## WORK REQUEST:
Within the lines below, the span from the line with "2020 Kia Forte" to the line with "fashion summer wedge", both ends included, is to be reproduced exactly, with pictures omitted.

## GIVEN DATA:
Segment Open

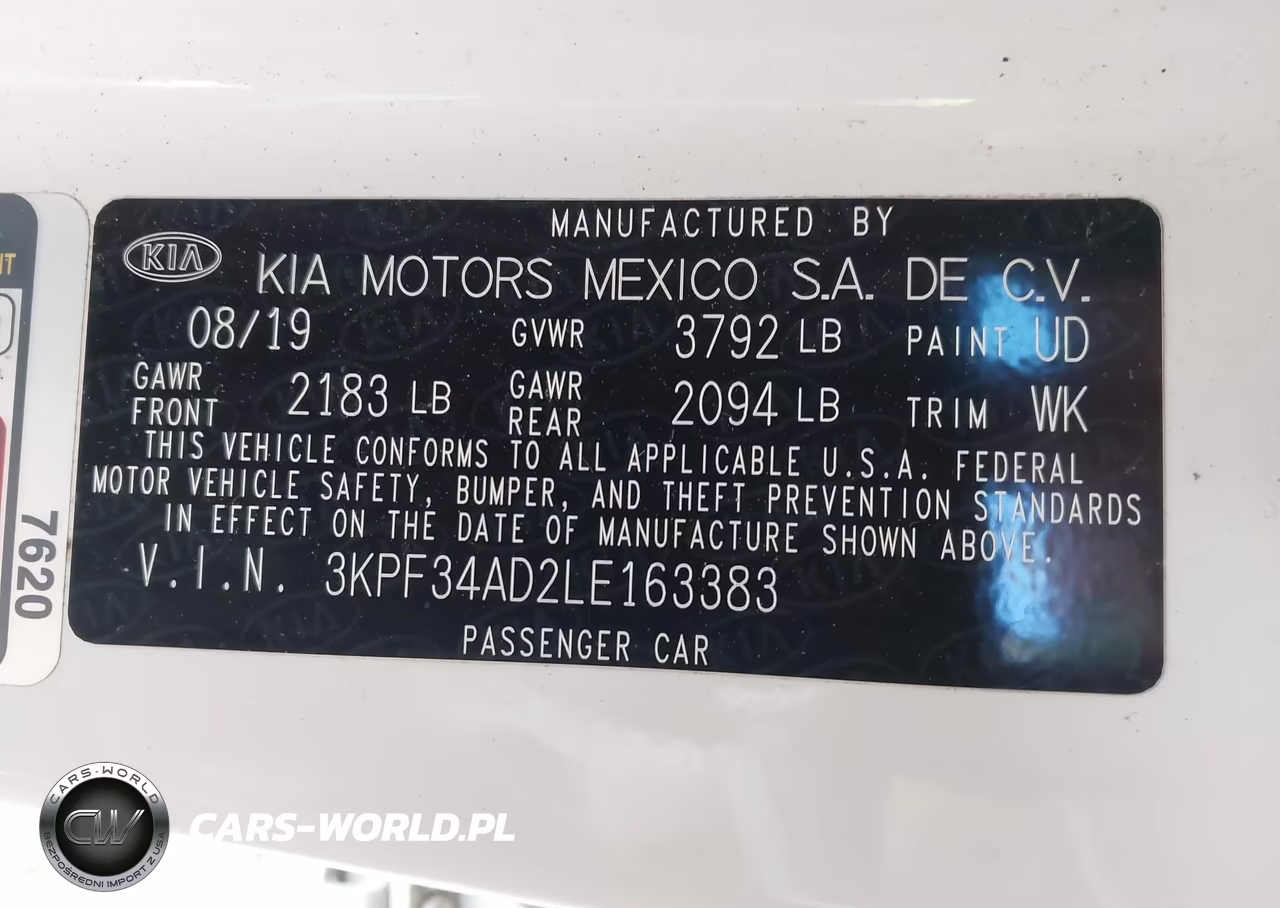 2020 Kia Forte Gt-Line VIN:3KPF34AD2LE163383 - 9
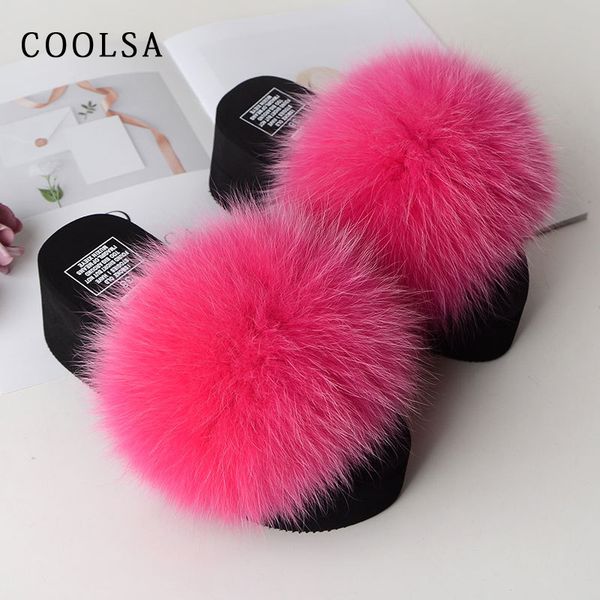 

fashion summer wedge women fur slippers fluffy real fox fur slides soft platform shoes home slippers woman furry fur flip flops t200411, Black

Segment Closed
Segment Open

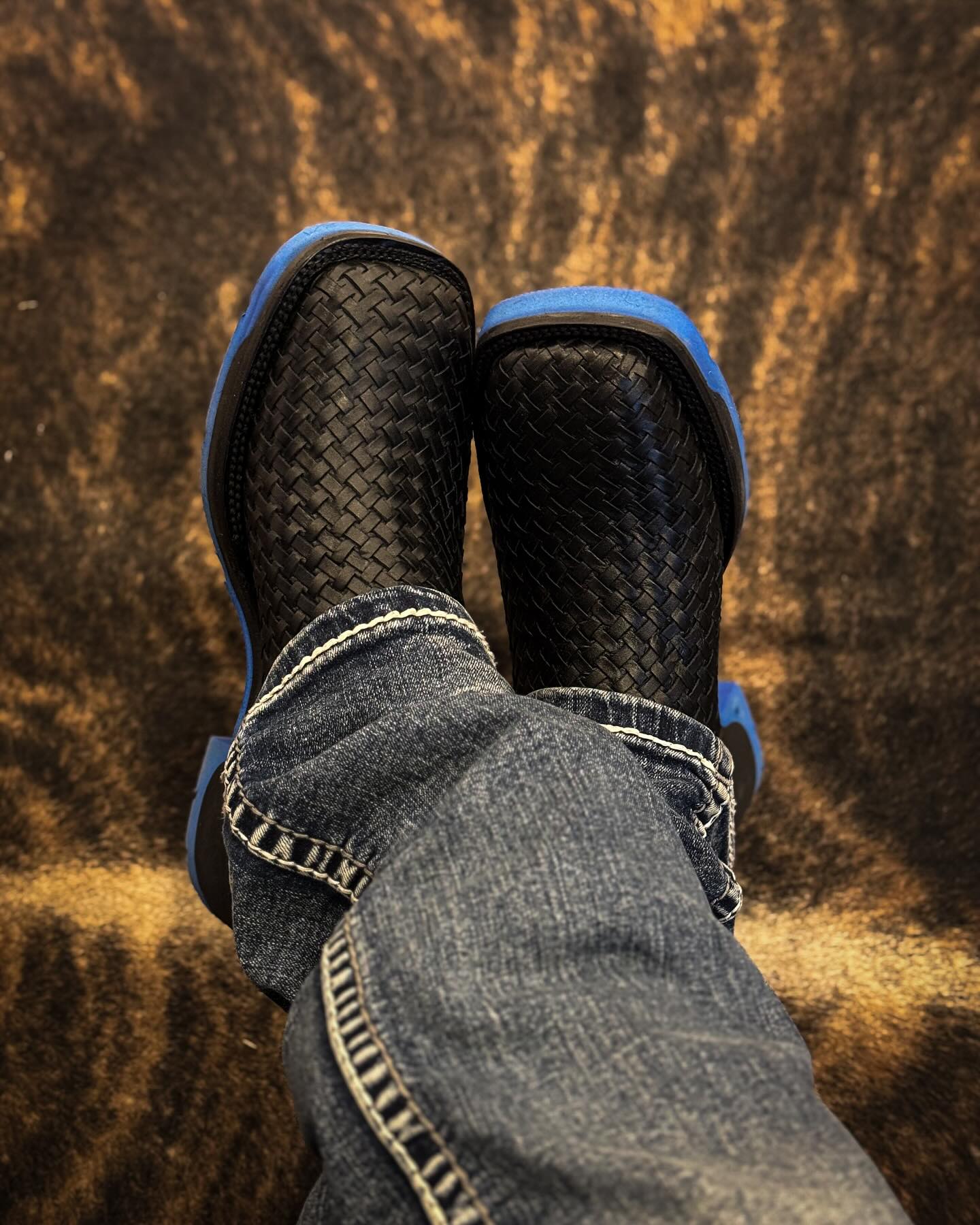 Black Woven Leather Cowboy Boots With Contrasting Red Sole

Segment Closed

## RESPONSE AREA:
 2020 Kia Forte Gt-Line VIN:3KPF34AD2LE163383 - 9

fashion summer wedge women fur slippers fluffy real fox fur slides soft platform shoes home slippers woman furry fur flip flops t200411, Black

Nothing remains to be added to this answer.